Погода была изумительная. Когда Филипп возвращался с завода, он любил «пожариться на солнышке». Мы выносили два кресла на лужайку перед домом и сидели молча, погрузившись в мечтательную дремоту. Мне приятно было думать, что одни и те же смутные образы проплывали в нашем мозгу: густые заросли кустарника, развалины замка Шардейль, мерцающие в раскаленном воздухе, дальше туманные извилины холмов; еще дальше, быть может, лицо Соланж и немного суровый взгляд ее красивых глаз; а на горизонте, конечно, флорентийский пейзаж, широкие, слегка покатые крыши, колокольни, кипарисы, вместо сосен гандумасских холмов, и прелестное лицо Одиль… Да, и во мне тоже жила Одиль, как жила и Соланж, и я находила это естественным и неизбежным. Иногда Филипп взглядывал на меня и улыбался. Я знала, что души наши пребывают в полном единстве, и была счастлива. Обеденный колокол выводил нас из этой сладостной томности. Я вздыхала:

— Ах, Филипп, я хотела бы провести всю мою жизнь в таком оцепенении… Только бы у меня была твоя рука, этот теплый воздух, эти кустарники… Какое наслаждение и вместе с тем какая грусть! Ты не находишь? Почему это?

— Красивые мгновения всегда подернуты печалью. Мы чувствуем, что они преходящи, хотели бы удержать их — и не можем. Когда я был маленьким, я всегда испытывал это ощущение в цирке, а позднее на концерте, когда он доставлял мне слишком острое наслаждение. Я говорил себе: «Через два часа все будет кончено».

— Но теперь, Филипп, ведь у нас еще по крайней мере тридцать лет впереди.

— Это так мало, тридцать лет.

— О! Я не требую большего.

Мать Филиппа, казалось, тоже улавливала эту чистую и нежную ноту в симфонии нашего счастья.

— Наконец-то, — сказала она мне однажды вечером, — я вижу, что Филипп живет так, как я всегда хотела. Знаете, на чем вам следовало бы настоять, милая Изабелла? Чтобы Филипп переехал совсем в Гандумас. Париж ничего ему не дает. Филипп похож на своего отца, который был, в сущности, робок и чувствителен, несмотря на свой замкнутый вид. Вся эта парижская сутолока, все это возбуждение, все эти сложные переживания делают его только больным.

— Но, ядумаю, он будет скучать здесь.

— Вряд ли! Мы с его отцом прожили здесь шестнадцать лет, и это были лучшие годы нашей жизни.

— Может быть. Но он привык к другому. О себе я знаю, что была бы здесь счастлива, потому что я люблю одиночество, а он…

— У него были бы вы.

— Этого не хватило бы ему на всю жизнь.

— Вы слишком скромны, милая Изабелла, и у вас слишком мало веры в себя. Не надо складывать оружие, как вы это делаете.

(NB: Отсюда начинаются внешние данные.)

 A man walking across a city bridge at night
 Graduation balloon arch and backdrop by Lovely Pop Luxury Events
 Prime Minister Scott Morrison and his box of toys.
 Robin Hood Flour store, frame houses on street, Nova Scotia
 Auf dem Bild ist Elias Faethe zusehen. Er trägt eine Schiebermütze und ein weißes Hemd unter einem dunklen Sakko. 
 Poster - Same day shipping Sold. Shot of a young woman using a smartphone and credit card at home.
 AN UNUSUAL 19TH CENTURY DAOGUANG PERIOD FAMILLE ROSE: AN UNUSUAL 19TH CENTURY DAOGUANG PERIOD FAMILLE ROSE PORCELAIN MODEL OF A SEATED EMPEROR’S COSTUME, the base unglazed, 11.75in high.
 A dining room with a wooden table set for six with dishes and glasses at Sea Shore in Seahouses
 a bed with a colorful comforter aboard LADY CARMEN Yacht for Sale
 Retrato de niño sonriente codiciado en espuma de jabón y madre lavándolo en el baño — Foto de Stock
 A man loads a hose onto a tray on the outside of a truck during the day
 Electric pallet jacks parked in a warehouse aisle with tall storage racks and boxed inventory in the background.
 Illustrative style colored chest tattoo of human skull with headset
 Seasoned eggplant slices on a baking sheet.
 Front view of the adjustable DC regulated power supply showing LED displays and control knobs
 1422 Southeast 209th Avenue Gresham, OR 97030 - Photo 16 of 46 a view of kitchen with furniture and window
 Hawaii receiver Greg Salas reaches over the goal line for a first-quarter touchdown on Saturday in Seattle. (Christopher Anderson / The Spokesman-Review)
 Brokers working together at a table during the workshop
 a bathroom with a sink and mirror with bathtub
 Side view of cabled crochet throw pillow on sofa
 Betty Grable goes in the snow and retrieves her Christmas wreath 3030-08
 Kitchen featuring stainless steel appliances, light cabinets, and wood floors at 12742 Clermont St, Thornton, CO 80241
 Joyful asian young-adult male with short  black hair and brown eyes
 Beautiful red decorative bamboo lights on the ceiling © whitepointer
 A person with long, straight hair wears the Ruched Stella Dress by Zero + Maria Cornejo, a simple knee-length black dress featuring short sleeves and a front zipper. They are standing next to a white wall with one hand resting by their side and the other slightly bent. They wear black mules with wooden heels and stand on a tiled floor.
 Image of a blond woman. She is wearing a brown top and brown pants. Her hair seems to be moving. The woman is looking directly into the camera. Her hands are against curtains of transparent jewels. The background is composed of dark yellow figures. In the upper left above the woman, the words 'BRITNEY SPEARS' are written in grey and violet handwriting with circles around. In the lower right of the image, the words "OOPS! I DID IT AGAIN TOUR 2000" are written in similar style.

— Я не складываю оружия… Напротив, сейчас я вполне убеждена, что победа останется за мной… что я устою, тогда как другие пройдут через его жизнь очень быстро и не оставят по себе заметного следа…

— «Другие»! — сказала моя свекровь с удивлением. — Вы действительно славная женщина. Я не могу понять вас.

Она часто возвращалась к своему плану с мягкой, но упорной настойчивостью. Но я остерегалась говорить об этом Филиппу. Я знала, что подобное принуждение разом разрушило бы ту идеальную гармонию, которой я так наслаждалась. Напротив, я настолько заботилась, чтобы Филипп не скучал в Гандумасе, что сама предлагала ему несколько раз провести воскресенье у соседей или съездить посмотреть некоторые уголки Перигора или Лимузэна, о которых он много говорил мне и которые я мало знала.

Я любила бродить с ним по родным для него местам; мне нравилась эта немного дикая местность, эти замки с высокими стенами на остроконечных утесах, откуда открывались виды на речки, утопающие в нежной зелени. Филипп рассказывал мне легенды и разные истории с местным колоритом. Я любила историю Франции и с радостным волнением встречала в его рассказах знакомые мне имена: Бирон, Брантом, Отфор. Иногда, хотя и с некоторой робостью, я связывала рассказ Филиппа с воспоминанием о книге, которую раньше читала, и мне было приятно видеть, что он внимательно слушает меня.

— Как ты много знаешь, Изабелла, — говорил он. — Ты очень интеллигентна, начитана, пожалуй интеллигентнее всех моих знакомых дам.

— Не смейся надо мной, Филипп, — умоляла я.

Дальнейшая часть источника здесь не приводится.